If Congress and Parliament were ever in a race to see who could get a last passed quicker, Parliament would most likely win. Faster is only better when speed is being measured. That would only be the case in government when there is an emergency or a crisis.
The presidential/congressional system of government has a "separation of powers." Power is divided between three branches of government, legislative, executive, and judicial. Each of the separate branches has equal power over the other which is displayed with the doctrine of checks and balances. Each branch checks the activity of the other branches to make sure that power remains evenly distributed. After a law is passed in both Houses, the President can still veto it. Therefore, sending the bill back to the House and so on and so on. It can take days, weeks, or months for a law to be formed.
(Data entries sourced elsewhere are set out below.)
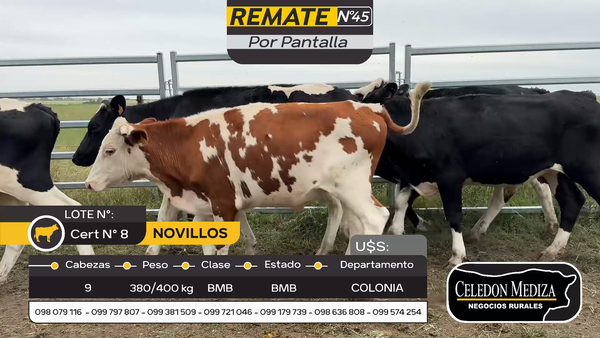 Lote 9 Novillos en Otra Localidad, Colonia
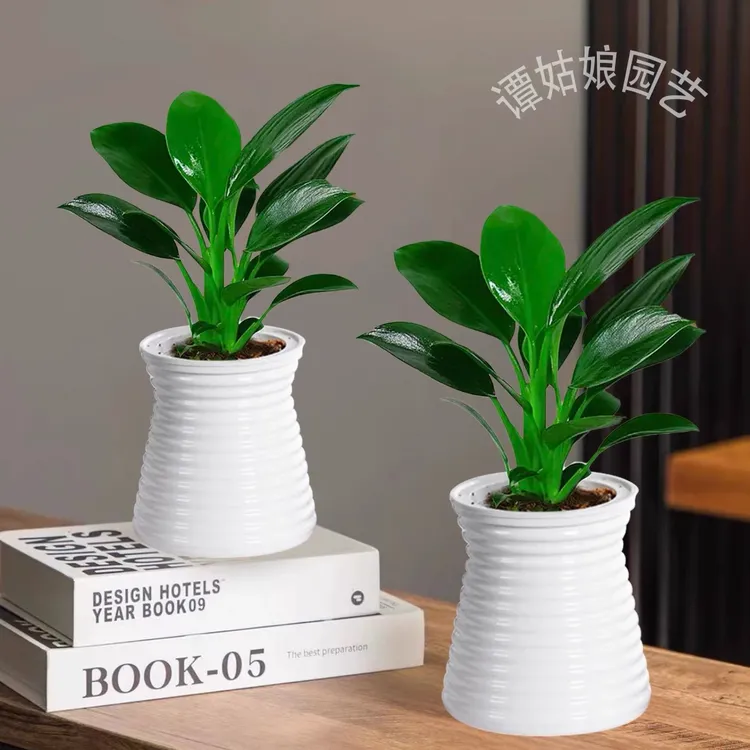 【买一送一】大叶金钻室内空气净化器好养活植物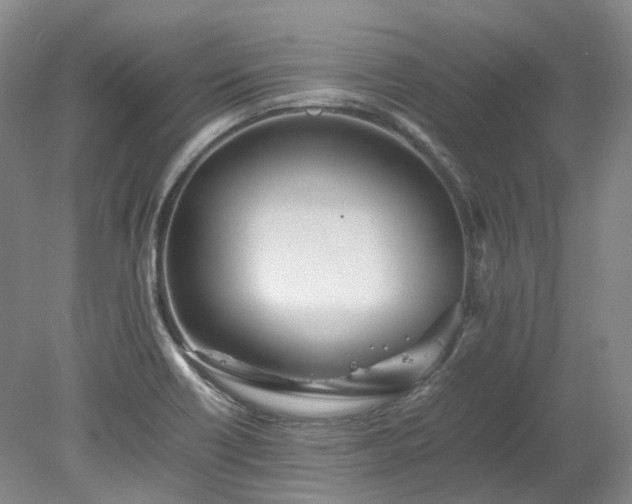 X0000078241418200611101023
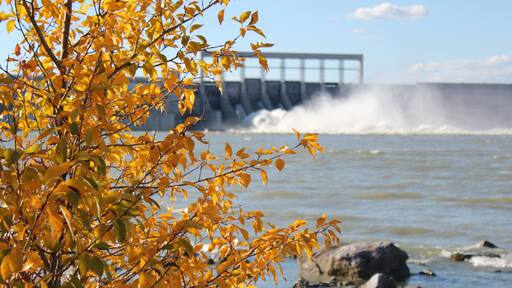 Impressive Hydroelectric dam spillway with water spewing and clouds of spray mist over the river, all with the focus on a tree in the foreground wearing it's autumn leaves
Unlike the presidential/congressional system, the Prime Minister doesn't have the power to reject a bill. He has power to dissolve congress. Other than that, Parliament has supreme power over everything. The Parliament can even check on the executive branch, but the executive branch cannot check on Parliament. As a whole they are disciplined enough to run themselves. "Majority rule" is how Parliament functions. Bills can be made into laws quickly.
Although Parliament has the advantage of speed in terms of making laws, speed doesn't always parallel to efficiency. The president may be able to decide whether the law would benefit the citizens better than the Congress can. Both systems have their ups and downs. Although, Parliament has the upper-hand in making laws faster and "efficiently."